Are 8 Out of 10 Women Really Wearing the Wrong Bra Size. Retailers are fixated on a pervasive statistic that says 80 percent of women are buying the wrong bra. Why?
Illustration: Sarah MacReading
Walk into a Victoria’s Secret, and the hundreds of colorful, lacy options lining the walls and piled upon tables — bralette, demi-cup, wireless, racer back, sport, strapless — will swallow you. But before you grab a few bras to try on, you need to hedge your bets on what size you wear.
The staff at Victoria’s Secret, along with many scientists and even, famously, Oprah, say you have a 20 percent chance of choosing right. That number — the idea that 80 percent of women are wearing the wrong bra size — has been ingrained in the minds of shoppers for decades, becoming a puzzle that no one can seem to solve.
That’s because the statistic is bunk.
There Are No Size Standards
Researchers and retailers acknowledge that the 80 percent number isn’t foolproof, but they often use it to illustrate a widespread problem: ill-fitting bras.
“We were actually encouraged to talk about that statistic,” said Carrie Gergely, who worked as a Victoria’s Secret bra fitter and store manager from 2003 to 2008. Ms. Gergely recognized that the size on the tag wasn’t the real issue. Knowing how to look for the right fit was.
Women, she said, didn’t know how the cups were supposed to fit. They didn’t know where the chest plate between the breasts was supposed to lie, she said, and “they didn’t know how the straps were supposed to rest, or where it should hit on their back. They just had no concept of how they were supposed to wear the bra.”
Regardless, the “wrong size” became a mantra. One man, the plastic surgeon Edward Pechter, gets credit for it.
Dr. Pechter first published the statistic in small 1998 study, writing in Plastic and Reconstructive Surgery that 70 percent of women or more were wearing the incorrect bra size. The article outlined a new method for measuring breasts, with which he hoped to standardize sizing for augmentation and reduction surgeries.

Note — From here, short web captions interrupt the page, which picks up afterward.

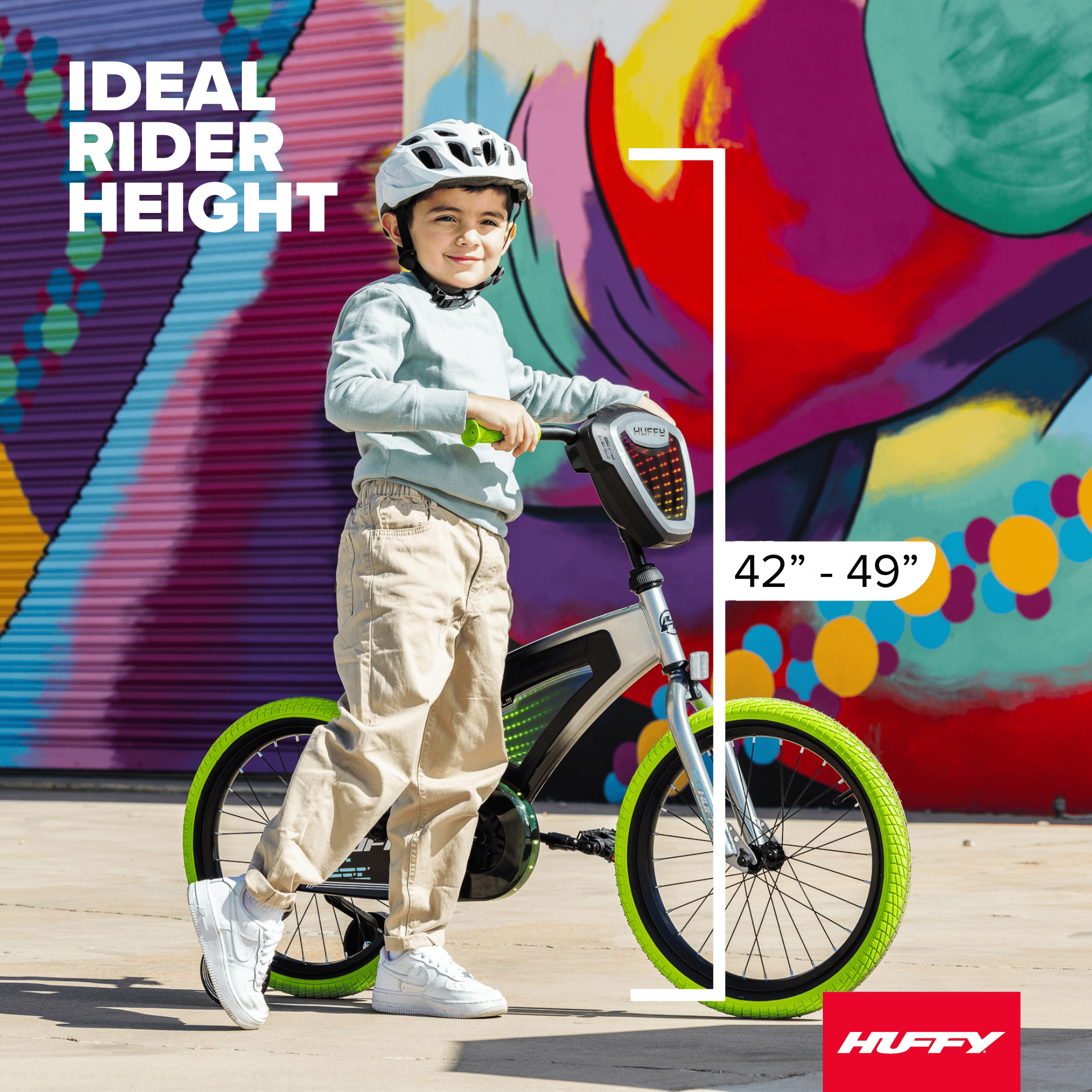 Huffy 18 Electro-Light Kids' Bike, Fits Riders 42 - 49, Grey/Green, Kids, Unisex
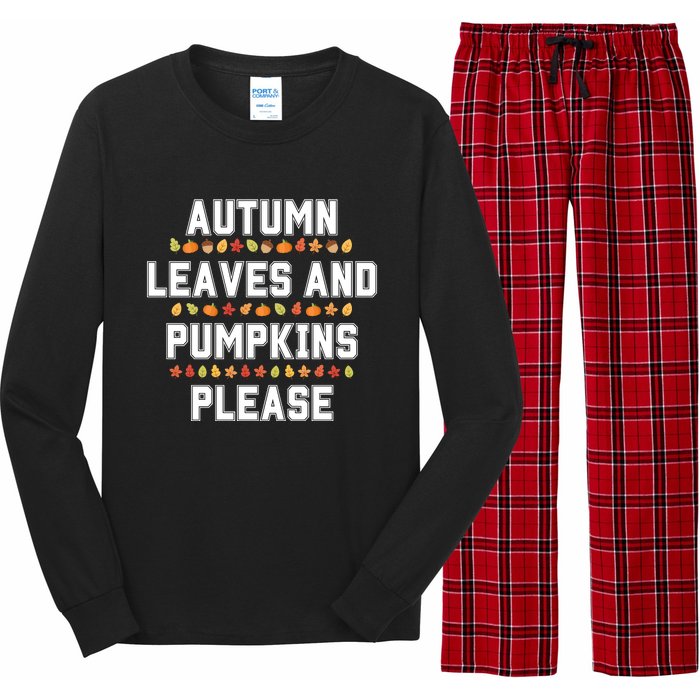 Autumn Leaves And Pumpkins Please Fall Season Long Sleeve Pajama Set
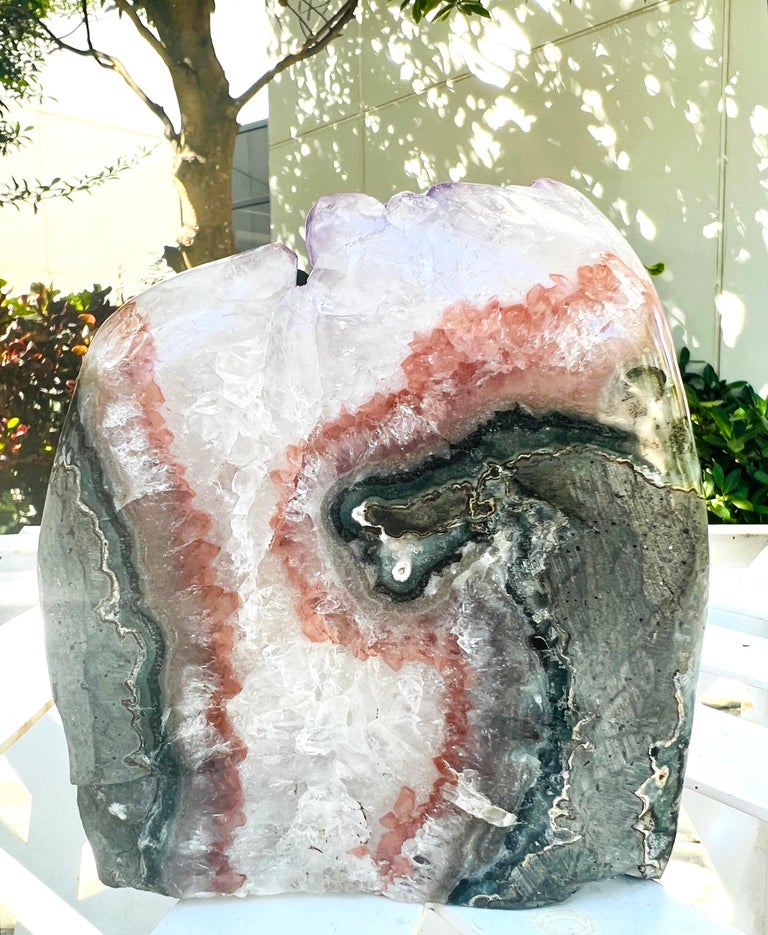 Amethyst Geode Surrounded by Quartz Crystal and Agate In Good Condition In Fort Lauderdale, FL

But Dr. Pechter didn’t reach his estimate through surveying a large and diverse sample. Instead he used anecdotal evidence from publications like Good Housekeeping, Ladies’ Home Journal and the Playtex Fit Guide. (He also studied only women who reported wearing cup sizes AA through DDD. Today you can find bras in sizes up to an O cup.)
Jenny Burbage, a sports biomechanist at the University of Portsmouth in Hampshire, England, has made studying breasts (and how to support them) her life’s work. In one of her studies, “Evaluation of professional bra fitting criteria for bra selection and fitting in the UK,” Ms. Burbage noted that “it has been suggested that 70 to 100 percent of women are wearing the wrong size bra,” citing Dr. Pechter’s work along with few other small studies to reach that range.